CIBC settles tax fight with CRA tied to billions in Enron-related legal expenses
Canadian Imperial Bank of Commerce said Thursday that it has settled a long-running tax battle with the Canada Revenue Agency over the lender’s attempts to deduct legal settlements tied to its alleged dealings with infamous U.S. energy company Enron.
The dispute between CIBC and the CRA had been going on for years, starting when the bank deducted Enron-related settlement amounts of approximately $3 billion (including interest and legal costs) from business income for its 2005 and 2006 tax years.
However, the CRA disallowed those deductions, claiming they had been offside under various parts of the Income Tax Act. CIBC appealed to the Tax Court of Canada in 2010, and after much legal wrangling, a trial was scheduled to begin this year.
On Thursday, though, CIBC announced first-quarter financial results and that a settlement agreement had been reached with the CRA in Jan. 2019. The bank said the deal “provides certainty with respect to the portion of the Enron expenses that are deductible in Canada.”

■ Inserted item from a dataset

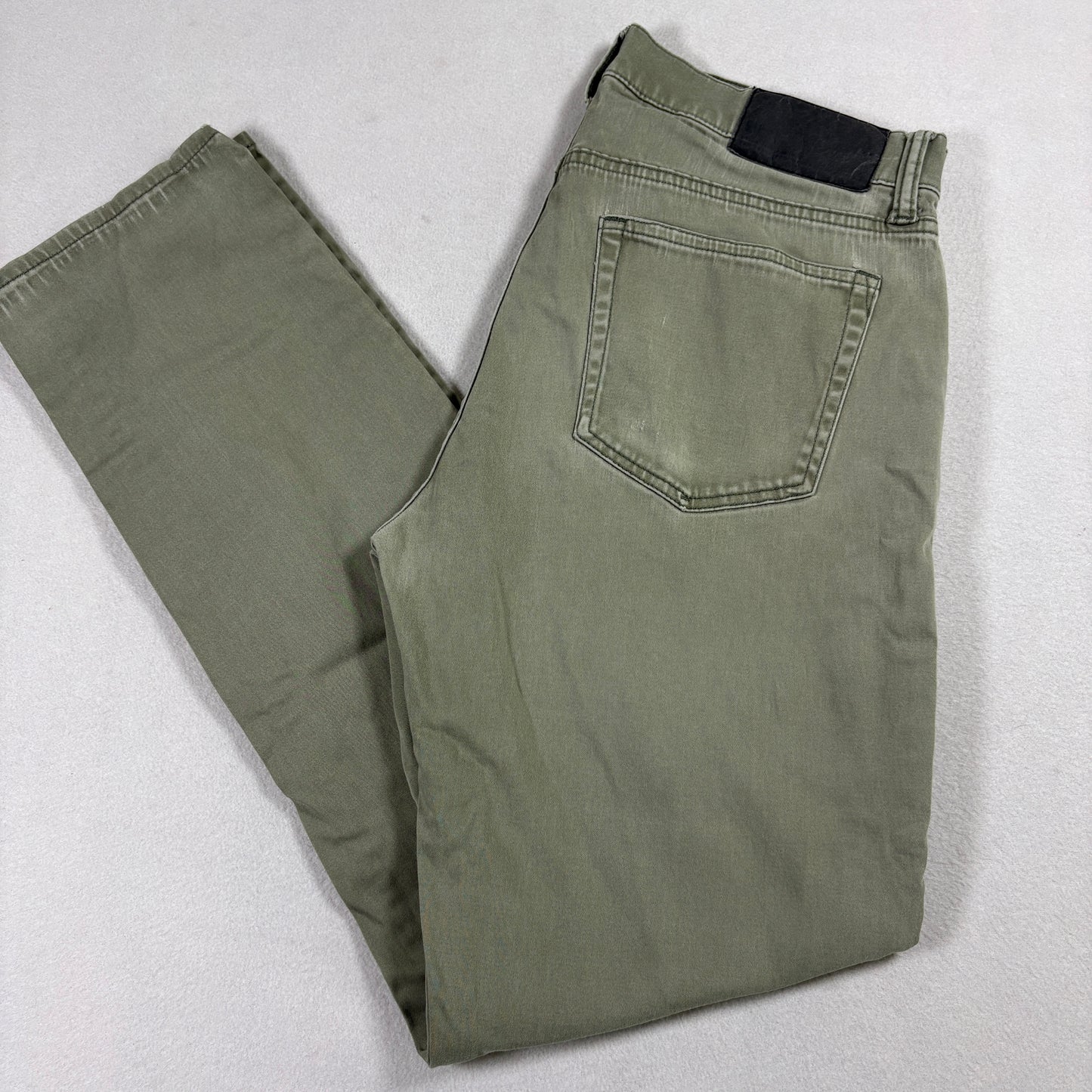 Gap Mens Slim Jeans 31x32 Green Olive Soft Wear Stretch Denim Casual Modern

It is possible that adjustments may be required to the amount of the tax benefits recognized in the United States
CIBC also said the impact of the agreement resulted in it recognizing a net $38-million tax recovery in the first quarter.
“This recovery was determined after taking into account the portion of the Enron expenses that we expect to deduct in the United States, but which has not yet been agreed to by the Internal Revenue Service, and the taxable refund interest that we expect to collect from the CRA upon the reassessment of certain prior year tax returns in accordance with the Agreement,” CIBC said in its first-quarter financial disclosures. “It is possible that adjustments may be required to the amount of the tax benefits recognized in the United States.”
There are “still some loose ends to tie up,” but they would not likely be material to the bank, according to Kevin Glass, CIBC’s chief financial officer.
“And so from an overhang perspective … for sure, it’s behind us,” Glass said in response to an analyst question during a Thursday morning conference call.
Last November, CIBC had said in financial filings that if it had been successful in defending its entire tax position, it would have realized an accounting tax benefit of $231 million and taxable refund interest of approximately $210 million. If it had entirely failed to defend its tax position, CIBC warned it could face additional expenses of around $977 million.
A spokesperson for the CRA said Thursday that the confidentiality provisions of the Income Tax Act prevent it from discussing details of the CIBC case.
The settlements stemmed from lawsuits launched against CIBC and other financial institutions following Enron’s filing for bankruptcy protection in 2001. The lenders had been accused of helping to conceal the condition of Enron’s deteriorating finances.
Without admitting wrongdoing, CIBC agreed in 2005 to pay US$2.4 billion to settle a class-action lawsuit brought on behalf of Enron shareholders. The bank also struck a US$250-million settlement with Enron.